Github PK Tool:Github PK Tool

How to play all stages in `SuperMarioBros-v0` but using models trained in separate stages?

terryzhao127 opened this issue · comments

Is your feature request related to a problem? Please describe.

I've trained models to play through the game. However, there are 32 models to play the 32 separate stages. I cannot let the trained agent play in the SuperMarioBros-v0 from the first stage to the last stage. In other words, is there any way to make the trained agent play in a environment with no any skipped frames, while the should-be-skipped frames can be implied by info. Then, a complete game can be rendered from the start screen to the last frame that Mario saves the princess.

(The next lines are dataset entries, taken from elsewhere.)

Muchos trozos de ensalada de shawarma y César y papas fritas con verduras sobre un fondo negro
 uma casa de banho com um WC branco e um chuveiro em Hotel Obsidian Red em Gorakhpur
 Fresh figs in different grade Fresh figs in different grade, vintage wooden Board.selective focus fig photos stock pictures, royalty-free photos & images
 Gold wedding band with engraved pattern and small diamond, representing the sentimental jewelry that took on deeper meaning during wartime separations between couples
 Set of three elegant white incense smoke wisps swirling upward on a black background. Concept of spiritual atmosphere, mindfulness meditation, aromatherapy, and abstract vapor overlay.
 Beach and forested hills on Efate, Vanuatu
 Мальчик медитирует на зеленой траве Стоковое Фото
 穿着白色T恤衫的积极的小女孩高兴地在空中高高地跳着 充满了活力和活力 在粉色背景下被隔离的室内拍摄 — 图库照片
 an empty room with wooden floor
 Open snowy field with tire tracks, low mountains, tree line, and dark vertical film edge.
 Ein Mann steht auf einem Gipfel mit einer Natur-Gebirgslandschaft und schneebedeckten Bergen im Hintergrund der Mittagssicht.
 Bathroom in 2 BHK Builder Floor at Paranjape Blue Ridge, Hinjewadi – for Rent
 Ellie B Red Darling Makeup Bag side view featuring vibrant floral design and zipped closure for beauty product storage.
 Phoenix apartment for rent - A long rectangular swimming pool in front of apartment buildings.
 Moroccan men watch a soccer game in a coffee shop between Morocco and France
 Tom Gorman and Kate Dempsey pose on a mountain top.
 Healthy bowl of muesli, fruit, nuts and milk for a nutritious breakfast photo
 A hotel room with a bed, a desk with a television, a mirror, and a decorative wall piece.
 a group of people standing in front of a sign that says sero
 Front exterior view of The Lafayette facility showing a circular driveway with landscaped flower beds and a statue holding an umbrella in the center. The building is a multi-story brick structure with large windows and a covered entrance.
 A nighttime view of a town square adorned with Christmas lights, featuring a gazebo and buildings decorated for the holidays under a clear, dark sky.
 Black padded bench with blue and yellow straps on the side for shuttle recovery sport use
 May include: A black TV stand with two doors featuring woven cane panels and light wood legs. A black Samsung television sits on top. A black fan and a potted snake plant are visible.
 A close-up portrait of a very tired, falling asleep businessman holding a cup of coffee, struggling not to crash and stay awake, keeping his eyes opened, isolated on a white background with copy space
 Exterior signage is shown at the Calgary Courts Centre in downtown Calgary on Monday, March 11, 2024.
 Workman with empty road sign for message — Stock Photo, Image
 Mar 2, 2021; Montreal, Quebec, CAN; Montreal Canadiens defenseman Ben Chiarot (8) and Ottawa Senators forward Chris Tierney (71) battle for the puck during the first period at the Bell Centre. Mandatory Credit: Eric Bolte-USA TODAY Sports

Describe the solution you'd like

The modified environment should be run like this:

    while True:
        if not should_skip(info):
              action = model(state)
        else:
              action = 0
        state, reward, done, info = env.step(action)
        env.render()

Describe alternatives you've considered

Actually I've tried two ways to solve the problem:

  1. Add a _should_skip_during_steps function into smb_env.py, which is called by _get_info.
    In this method, the agent does NOOP every time a should-be-skipped step is found. And the _should_skip_during_steps is implemented using skip conditions located in self._skip_xxx() functions. However, the NOOP skip is not the same way the self._skip_xxx() functions do. More frames are skipped, then the first frame after the skipped frames is not the excatly same as that is returned by a plain SuperMarioBros-v0 environment. The little trivial difference is non-trivial to the reinforcement model, which leads to failure in the gameplay afterwards.
  2. Ignore the skipped frames. Just play in the SuperMarioBros-v0 but change the loaded model every time a new stage is detected in info.
    In this method, the agent starts to fail after entering 1-2 from 1-1. Apparently the begining state in SuperMarioBros-1-2-v0 is not the same as that is returned in the SuperMarioBros-v0 after skipped frames.

Can anyone help me run the code on Windows 10 i am unable to run it which file is the main i have satisifed all the requirements!